Prompt · Heads of Operations
Continuous Improvement Analysis Plan
Use this when you want to turn productivity data into a clear, ongoing improvement plan with interventions and impact checks.
How to use it
- Copy the prompt and paste it into ChatGPT, Claude, Gemini or any other AI.
- Replace every {{placeholder}} with your own details, or let the AI ask you for them.
- Use the follow-ups below to go deeper.
Role — You are an operations improvement analyst who turns productivity data into a clear, prioritized continuous-improvement plan.
Context you provide
- {{time-period}}: the range to analyze (e.g., last quarter, past month).
- {{productivity-data}}: metrics, reports, or before/after numbers the user has.

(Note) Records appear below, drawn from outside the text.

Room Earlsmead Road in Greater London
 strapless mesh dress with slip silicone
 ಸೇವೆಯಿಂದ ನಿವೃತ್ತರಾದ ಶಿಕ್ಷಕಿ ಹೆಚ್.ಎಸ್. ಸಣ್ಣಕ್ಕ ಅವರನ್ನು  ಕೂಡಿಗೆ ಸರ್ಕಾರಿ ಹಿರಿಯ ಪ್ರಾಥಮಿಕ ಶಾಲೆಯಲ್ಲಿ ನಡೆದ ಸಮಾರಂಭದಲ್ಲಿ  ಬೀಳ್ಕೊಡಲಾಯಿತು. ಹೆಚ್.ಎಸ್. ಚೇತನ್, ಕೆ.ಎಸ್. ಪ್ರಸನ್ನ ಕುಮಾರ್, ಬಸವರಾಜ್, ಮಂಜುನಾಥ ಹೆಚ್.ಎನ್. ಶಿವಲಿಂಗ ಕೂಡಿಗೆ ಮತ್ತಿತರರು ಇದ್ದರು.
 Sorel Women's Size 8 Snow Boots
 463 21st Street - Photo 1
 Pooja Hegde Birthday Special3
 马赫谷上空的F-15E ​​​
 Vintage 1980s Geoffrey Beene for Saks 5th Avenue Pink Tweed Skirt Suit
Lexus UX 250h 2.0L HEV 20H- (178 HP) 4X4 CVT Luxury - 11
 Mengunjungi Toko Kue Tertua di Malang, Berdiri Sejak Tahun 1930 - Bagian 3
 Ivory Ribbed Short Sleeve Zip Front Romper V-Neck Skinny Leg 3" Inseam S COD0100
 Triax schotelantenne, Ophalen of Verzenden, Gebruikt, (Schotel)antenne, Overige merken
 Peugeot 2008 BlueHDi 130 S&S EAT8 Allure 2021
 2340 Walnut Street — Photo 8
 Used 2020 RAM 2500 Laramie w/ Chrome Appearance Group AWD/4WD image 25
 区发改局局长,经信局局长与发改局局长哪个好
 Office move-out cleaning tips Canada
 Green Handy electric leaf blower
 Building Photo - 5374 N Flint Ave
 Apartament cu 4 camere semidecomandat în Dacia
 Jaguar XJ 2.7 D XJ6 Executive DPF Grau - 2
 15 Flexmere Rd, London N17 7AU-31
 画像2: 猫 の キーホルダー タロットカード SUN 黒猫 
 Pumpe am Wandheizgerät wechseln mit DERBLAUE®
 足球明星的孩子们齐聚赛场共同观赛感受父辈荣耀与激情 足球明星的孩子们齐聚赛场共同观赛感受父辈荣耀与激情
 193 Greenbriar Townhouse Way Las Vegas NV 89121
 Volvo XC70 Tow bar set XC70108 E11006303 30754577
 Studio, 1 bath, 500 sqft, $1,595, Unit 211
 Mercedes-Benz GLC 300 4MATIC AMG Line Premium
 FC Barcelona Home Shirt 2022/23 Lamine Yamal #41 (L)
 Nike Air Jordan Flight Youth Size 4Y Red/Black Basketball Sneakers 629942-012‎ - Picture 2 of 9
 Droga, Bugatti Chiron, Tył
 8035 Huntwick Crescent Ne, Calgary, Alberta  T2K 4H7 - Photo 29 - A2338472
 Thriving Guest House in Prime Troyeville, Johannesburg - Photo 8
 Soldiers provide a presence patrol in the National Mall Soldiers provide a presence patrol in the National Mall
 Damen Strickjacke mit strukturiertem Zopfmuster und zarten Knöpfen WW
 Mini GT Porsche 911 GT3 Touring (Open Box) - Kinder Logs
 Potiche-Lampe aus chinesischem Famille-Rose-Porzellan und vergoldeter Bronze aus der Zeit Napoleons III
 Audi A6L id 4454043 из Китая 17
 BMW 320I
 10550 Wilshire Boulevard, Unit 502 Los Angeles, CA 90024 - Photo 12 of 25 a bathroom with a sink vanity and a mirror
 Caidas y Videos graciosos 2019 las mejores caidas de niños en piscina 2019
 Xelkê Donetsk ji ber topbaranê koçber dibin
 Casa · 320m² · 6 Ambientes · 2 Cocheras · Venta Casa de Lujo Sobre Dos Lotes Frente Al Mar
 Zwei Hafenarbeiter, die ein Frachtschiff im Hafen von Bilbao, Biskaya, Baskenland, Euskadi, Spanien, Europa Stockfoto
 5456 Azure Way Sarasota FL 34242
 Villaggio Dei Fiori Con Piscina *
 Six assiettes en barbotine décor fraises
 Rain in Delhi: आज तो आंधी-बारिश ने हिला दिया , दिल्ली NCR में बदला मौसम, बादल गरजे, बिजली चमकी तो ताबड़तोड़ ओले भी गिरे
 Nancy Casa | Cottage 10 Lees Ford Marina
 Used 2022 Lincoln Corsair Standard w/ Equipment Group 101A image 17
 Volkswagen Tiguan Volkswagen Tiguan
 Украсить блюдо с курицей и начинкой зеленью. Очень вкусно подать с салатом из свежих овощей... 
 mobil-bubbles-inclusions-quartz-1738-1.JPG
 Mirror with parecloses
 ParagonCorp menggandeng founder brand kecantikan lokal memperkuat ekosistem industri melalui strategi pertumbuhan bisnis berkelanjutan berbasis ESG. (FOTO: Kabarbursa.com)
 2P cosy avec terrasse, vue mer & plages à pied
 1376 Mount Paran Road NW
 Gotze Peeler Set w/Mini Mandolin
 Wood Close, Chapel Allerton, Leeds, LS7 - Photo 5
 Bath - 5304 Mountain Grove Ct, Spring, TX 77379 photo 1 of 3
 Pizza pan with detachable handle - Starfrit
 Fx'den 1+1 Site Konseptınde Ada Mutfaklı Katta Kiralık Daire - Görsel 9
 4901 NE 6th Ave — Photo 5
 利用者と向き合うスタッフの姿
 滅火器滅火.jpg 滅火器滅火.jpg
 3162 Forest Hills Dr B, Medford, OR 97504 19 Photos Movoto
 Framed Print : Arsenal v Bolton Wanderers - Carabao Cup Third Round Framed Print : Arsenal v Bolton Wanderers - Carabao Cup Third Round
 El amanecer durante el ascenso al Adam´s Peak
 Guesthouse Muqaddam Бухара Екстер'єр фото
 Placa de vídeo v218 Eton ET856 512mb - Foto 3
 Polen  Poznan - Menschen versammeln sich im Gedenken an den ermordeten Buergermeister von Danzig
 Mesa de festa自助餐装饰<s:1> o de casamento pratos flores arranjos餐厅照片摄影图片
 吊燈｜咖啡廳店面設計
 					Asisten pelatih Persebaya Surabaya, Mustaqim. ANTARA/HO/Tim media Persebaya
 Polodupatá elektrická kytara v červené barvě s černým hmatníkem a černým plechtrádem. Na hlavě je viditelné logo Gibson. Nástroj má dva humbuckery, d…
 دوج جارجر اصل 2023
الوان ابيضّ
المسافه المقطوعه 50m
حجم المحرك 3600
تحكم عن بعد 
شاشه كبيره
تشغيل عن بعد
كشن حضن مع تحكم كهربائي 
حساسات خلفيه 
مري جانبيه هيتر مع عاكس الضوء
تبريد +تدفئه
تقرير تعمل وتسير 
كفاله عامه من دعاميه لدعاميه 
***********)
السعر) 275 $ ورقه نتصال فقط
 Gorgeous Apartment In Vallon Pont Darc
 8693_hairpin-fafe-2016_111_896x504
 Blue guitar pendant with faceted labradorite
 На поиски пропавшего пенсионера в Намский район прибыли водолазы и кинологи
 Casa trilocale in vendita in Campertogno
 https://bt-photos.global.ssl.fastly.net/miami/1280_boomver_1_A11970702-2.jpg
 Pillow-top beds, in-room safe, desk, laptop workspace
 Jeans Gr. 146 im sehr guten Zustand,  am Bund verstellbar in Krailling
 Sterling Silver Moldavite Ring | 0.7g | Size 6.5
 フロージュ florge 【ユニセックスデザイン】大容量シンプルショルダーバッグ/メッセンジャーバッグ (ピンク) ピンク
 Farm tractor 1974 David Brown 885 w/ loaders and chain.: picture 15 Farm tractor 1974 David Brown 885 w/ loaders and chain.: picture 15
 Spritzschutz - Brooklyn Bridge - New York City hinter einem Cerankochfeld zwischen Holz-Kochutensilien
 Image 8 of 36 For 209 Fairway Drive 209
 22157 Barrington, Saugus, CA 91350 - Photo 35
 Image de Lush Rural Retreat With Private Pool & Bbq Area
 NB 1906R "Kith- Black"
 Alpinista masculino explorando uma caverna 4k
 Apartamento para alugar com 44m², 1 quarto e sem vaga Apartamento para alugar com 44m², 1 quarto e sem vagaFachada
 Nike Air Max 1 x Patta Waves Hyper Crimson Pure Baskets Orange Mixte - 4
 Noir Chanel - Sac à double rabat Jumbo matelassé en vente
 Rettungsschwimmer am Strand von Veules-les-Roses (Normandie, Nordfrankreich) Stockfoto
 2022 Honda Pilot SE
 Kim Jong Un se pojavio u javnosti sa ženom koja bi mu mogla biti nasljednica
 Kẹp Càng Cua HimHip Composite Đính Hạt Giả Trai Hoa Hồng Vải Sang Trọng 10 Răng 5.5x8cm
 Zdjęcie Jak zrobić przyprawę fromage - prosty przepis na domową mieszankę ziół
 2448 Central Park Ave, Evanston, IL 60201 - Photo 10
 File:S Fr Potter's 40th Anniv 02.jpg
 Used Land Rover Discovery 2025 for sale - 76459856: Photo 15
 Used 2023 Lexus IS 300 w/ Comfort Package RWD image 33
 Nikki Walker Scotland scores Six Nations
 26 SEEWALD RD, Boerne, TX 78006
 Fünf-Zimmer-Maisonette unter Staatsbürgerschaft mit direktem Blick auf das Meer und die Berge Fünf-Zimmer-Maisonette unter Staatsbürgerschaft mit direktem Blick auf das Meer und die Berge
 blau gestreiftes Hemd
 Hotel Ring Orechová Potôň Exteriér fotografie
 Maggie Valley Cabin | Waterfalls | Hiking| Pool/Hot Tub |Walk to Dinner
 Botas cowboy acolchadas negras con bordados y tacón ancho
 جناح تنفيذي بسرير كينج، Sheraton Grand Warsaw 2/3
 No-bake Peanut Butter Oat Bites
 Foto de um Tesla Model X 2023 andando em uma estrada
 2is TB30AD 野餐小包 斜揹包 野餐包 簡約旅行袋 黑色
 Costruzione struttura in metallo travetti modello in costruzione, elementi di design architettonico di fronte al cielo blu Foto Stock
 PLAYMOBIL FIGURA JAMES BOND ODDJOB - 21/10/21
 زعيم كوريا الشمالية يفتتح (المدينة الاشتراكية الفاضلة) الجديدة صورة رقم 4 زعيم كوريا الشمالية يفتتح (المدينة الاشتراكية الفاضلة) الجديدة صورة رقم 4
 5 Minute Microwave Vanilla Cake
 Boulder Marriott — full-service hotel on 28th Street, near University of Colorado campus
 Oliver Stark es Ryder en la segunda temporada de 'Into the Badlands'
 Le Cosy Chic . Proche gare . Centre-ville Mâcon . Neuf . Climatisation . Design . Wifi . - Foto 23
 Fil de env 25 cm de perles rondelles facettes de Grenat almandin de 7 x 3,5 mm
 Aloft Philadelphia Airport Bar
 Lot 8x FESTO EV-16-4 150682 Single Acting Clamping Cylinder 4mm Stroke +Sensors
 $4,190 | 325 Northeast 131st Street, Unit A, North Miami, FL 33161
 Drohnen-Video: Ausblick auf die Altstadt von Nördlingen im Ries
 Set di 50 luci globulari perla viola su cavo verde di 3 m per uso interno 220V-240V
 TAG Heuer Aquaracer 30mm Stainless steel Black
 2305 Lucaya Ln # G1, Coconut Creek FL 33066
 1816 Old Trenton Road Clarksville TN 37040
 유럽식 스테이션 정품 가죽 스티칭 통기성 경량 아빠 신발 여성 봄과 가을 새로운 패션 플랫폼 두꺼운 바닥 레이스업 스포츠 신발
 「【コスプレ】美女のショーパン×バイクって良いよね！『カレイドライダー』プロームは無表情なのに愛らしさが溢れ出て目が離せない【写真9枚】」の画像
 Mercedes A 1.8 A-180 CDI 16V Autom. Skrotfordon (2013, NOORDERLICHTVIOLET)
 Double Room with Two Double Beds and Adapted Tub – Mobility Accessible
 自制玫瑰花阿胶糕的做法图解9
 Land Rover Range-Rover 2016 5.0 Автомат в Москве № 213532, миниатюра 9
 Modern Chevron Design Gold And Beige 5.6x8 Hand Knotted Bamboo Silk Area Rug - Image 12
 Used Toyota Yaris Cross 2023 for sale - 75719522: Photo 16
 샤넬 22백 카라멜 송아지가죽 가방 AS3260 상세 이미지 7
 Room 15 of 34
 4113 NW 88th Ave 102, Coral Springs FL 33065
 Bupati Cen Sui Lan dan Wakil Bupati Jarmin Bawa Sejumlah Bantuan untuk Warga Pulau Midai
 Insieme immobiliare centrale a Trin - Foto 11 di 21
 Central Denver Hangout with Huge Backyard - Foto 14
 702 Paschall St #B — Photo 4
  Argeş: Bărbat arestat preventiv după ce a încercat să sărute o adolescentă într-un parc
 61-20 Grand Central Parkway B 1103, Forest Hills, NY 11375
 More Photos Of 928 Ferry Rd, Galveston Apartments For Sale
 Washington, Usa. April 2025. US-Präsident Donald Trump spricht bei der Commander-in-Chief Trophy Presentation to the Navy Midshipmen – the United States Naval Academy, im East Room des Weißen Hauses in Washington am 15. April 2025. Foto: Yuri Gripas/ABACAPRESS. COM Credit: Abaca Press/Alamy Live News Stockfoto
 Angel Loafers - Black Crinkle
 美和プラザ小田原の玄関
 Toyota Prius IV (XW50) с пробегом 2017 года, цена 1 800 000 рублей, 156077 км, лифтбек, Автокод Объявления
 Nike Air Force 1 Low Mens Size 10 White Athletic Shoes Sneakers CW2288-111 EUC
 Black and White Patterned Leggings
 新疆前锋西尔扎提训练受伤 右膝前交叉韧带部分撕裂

- {{recent-changes}}: any interventions already implemented.
- {{team-context}}: team size, workflow, or constraints that may explain trends.
Instructions
- Ask for missing inputs before starting.
- Analyze the data for meaningful trends, anomalies, and correlations; show the evidence behind each finding.
- Suggest specific interventions at individual and team levels, ordered by expected impact and effort.
- If before/after data is available, evaluate the effect of recent changes and state what worked, what did not, and why.
- Recommend a short feedback loop to keep measuring progress after the next change.
- Produce a brief report linking all findings, interventions, and next review date.
Output format — A continuous-improvement report with four sections: Trends, Root Causes, Recommended Interventions, Impact Evaluation. Use tables or bullet lists where useful, with a clear summary at the top.
Guardrails — Do not fabricate data points or statistical conclusions. Do not recommend changes outside the scope of operations. Label assumptions about team context as assumptions.
Example — e.g., {{time-period}} = 'last quarter'; {{productivity-data}} = 'weekly tickets closed per agent and CSAT'; {{recent-changes}} = 'new ticketing triage process'; {{team-context}} = '12 support agents, remote'.
Follow-up prompts
- How do we maintain momentum after the first improvement cycle?
- What additional data sources would make the next analysis more reliable?
- Can you create a one-page visual summary of this plan?